12 Books, 12 Months: Month 9 & 10 Round Up

The theme of this round up is rounding UP.  It seems like May and June were good months for getting caught up on reading and posting, though I can’t say I did much of either.  Since April, I’ve been working on Six Degrees: The Science of a Connected Age. I have read other things, but nothing from my list, and that’s a dang shame, especially since I have some F A T books to get through between now and September.

Anj read Clara’s Grand Tour: Travels with a Rhinoceros in Eighteenth-Century Europe, which follows the adventures of the titular rhinoceros around Europe in an age characterized by curiosity. And what could be more curious than a rhinoceros on parade! [review]

Eva got caught up on her previous few books all in one post. She read:

  • January: Gilbert & Sullivan Set Me Free, which she described as “Think Chicago – women’s prison, big crimes, mysterious pasts and an actual musical.”
  • February: An Ensuing Evil and others. The best thing she had to say was that she read it!
  • March: Gluten-free Girl and The Chef, which she found joyful and delicious, though it has yet to become a kitchen staple.
  • April: A Sense of Where You Are – a book about sports! which is basically the last thing I’d imagine from her, though it was by one of her most favorite authors – John McPhee. The book focuses on a young Bill Bradley before fame and the NBA.

Heidi read Snow Falling on Cedars, which she concisely described as “fine”, though the movie was awful.  Short and to the point.  I love it [review].  I also apparently missed her reviews for a few previous months. In November, she read Hand to Mouth: A Chronicle of Early Failure. She wasn’t an Auster fan before, and this book didn’t win her over, despite her attempts to relate on behalf of her “starving artsy fartsy friends” [review]. And then in March, The American Way of Death Revisited – an expose of the sleazy American funeral industry. She especially enjoyed the quotes from industry-trade publications, and was curious about how much her edition differed from the original, published in the 1960s [review].

Jill read Dead Until Dark and Murder at Hazelmoor [review].  She speculated that she lacks the genetic material necessary to enjoy vampire novels after reading several “meh” ones – and Dead Until Dark was no exception [review].
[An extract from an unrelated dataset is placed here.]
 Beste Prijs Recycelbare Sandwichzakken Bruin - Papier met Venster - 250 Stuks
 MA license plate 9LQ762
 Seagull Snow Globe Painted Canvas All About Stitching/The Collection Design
Lanea listened to and then read Wild Decembers in May, which she seems to have loved, calling it “heart-breaking and beautiful and true” with gorgeous language describing “rural Ireland and feuding families and the strictures on women.” Irish writers are important to Lanea, and this was a welcome read as a result [review]. In June, while dealing with bad news, she read A Heartbreaking Work of Staggering Genius and then found it difficult to review the book as it skirts things she was also trying to write about: “cancer and caretaking and the responsibilities kids are burdened with before they can handle them” [review].
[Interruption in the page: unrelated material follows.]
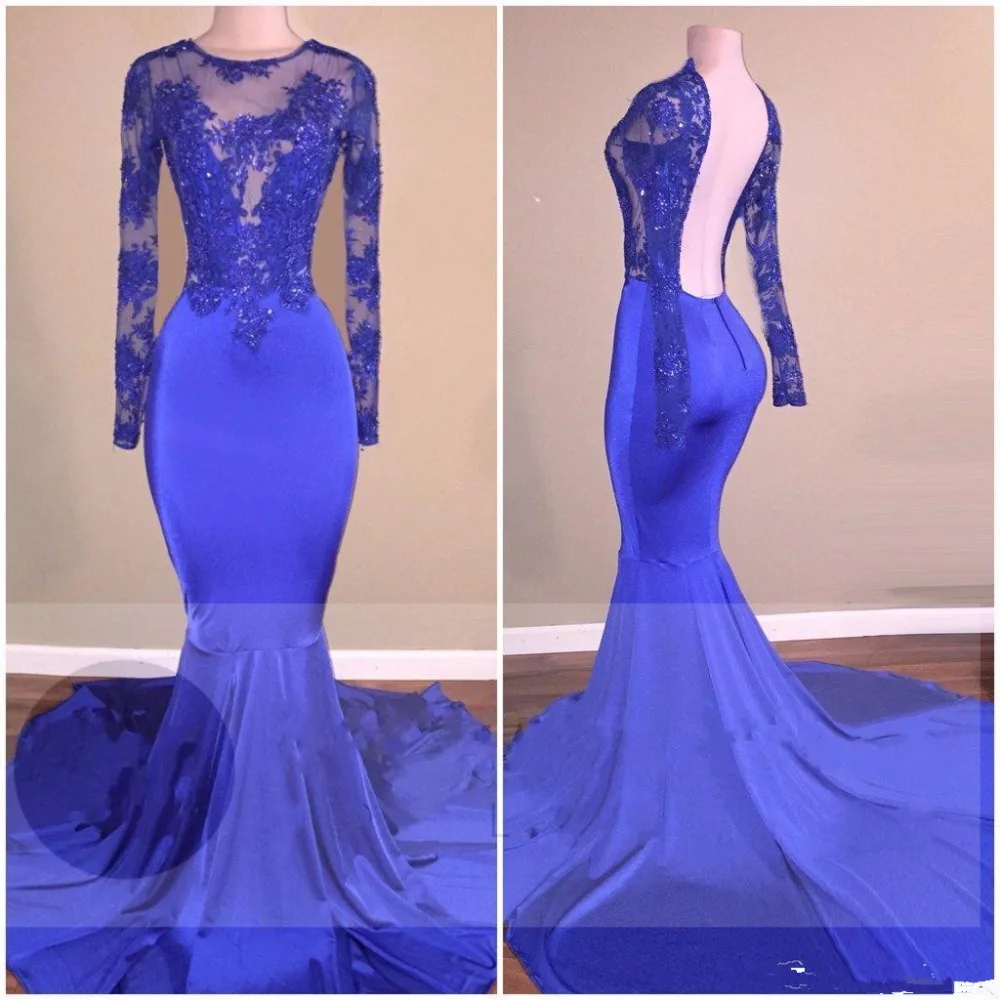 

Long Sleeves Backless Royal Blue Prom Dresses Slim Fit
Mark read The Mill on the Floss in the context of his Victorian Lit class – bonus! He referred to the book as a tragedy, qualifying the statement with: “It may not be epic, nor a study of grand personages, but as a tragedy of the everyday it is superb” [review].
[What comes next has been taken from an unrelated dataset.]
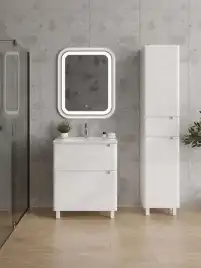 Тумба с раковиной FAURAplus, Lotos 60-2 напольная, белая, глянцевая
I owe Mike an apology, as I’ve been checking his blog for reviews but missing the ones he’s posted on Goodreads over the last few months. That said, Goodreads tells me that he read but didn’t review Native Speaker, The Other Side of Desire: Four Journeys into the Far Realms of Lust and Longing, and Tropic of Cancer.  Nonetheless, he did review The Rings of Saturn, which was impressive, “sobering and dispiriting as Sebald catalogues centuries of cruelty, warfare, and decay, failed schemes and deferred dreams.”

Vanessa read Maus, and her review reminded me of the things I appreciated about it: honest and frank treatment of the Holocaust and the lasting effects on its survivors – as well as “the hefty amount of emotion the son has enmeshed into the telling of his father’s story.”

Two months to go, guys! Get reading!